Replace snps,reset-gpio from the ðmac node with reset-gpios in the
ethernet-phy node. The old snps,reset-active-low property is now encoded
directly as GPIO flag inside the reset-gpios property.
snps,reset-delays-us is converted to reset-assert-us and
reset-deassert-us. reset-assert-us is the second cell from
snps,reset-delays-us while reset-deassert-us was the third cell.

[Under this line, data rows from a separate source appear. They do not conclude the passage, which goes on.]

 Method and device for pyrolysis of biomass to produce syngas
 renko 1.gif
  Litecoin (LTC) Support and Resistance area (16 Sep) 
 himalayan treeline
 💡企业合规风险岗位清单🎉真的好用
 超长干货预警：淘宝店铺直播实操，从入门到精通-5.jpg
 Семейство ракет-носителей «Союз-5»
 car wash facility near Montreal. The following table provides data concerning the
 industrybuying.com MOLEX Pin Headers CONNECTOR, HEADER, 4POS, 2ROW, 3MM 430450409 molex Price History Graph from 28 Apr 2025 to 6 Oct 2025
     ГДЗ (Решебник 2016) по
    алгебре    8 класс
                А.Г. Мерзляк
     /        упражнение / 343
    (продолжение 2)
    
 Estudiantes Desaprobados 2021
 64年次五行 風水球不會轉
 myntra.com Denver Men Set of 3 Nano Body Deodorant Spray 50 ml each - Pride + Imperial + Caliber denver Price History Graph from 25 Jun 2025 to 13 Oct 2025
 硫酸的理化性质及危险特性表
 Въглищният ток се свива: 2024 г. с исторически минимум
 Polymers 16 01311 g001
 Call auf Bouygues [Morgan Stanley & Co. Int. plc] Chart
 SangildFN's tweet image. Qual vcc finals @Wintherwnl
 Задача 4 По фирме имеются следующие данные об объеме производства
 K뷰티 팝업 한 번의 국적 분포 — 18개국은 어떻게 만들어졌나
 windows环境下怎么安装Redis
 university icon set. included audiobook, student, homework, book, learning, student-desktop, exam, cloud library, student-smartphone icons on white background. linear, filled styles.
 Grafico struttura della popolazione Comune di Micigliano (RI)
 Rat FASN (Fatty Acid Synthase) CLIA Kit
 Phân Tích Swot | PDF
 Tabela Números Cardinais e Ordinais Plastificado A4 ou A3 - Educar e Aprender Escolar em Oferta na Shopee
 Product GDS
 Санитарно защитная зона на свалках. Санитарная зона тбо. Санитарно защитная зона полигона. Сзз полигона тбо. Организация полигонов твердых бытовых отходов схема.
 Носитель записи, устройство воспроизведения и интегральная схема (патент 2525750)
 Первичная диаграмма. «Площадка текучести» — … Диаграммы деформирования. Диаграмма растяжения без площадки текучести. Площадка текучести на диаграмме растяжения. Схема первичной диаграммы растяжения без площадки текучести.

Instead of blindly copying the old values (which seems strange since
they gave the PHY one second to come out of reset) over this also
updates the delays based on the datasheets:
- RTL8211F PHY on the Odroid-C1 and MXIII-Plus needs a 10ms assert
delay (the datasheet mentions: "For a complete PHY reset, this pin
must be asserted low for at least 10ms") and a 30ms deassert delay
(the datasheet mentions: "Wait for a further 30ms (for internal
circuits settling time) before accessing the PHY register"). The
old settings used 10ms for assert and 1000ms for deassert.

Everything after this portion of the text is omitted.